• THE PROBLEM: In this exercise, reproduce the whole listing exactly.

• INFORMATION SUPPLIED:
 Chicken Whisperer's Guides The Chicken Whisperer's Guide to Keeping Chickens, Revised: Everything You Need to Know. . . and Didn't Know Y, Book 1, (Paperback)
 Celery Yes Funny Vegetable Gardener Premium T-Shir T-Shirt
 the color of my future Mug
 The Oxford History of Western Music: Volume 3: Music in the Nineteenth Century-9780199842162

• EXERCISE OUTPUT:
 Chicken Whisperer's Guides The Chicken Whisperer's Guide to Keeping Chickens, Revised: Everything You Need to Know. . . and Didn't Know Y, Book 1, (Paperback)
 Celery Yes Funny Vegetable Gardener Premium T-Shir T-Shirt
 the color of my future Mug
 The Oxford History of Western Music: Volume 3: Music in the Nineteenth Century-9780199842162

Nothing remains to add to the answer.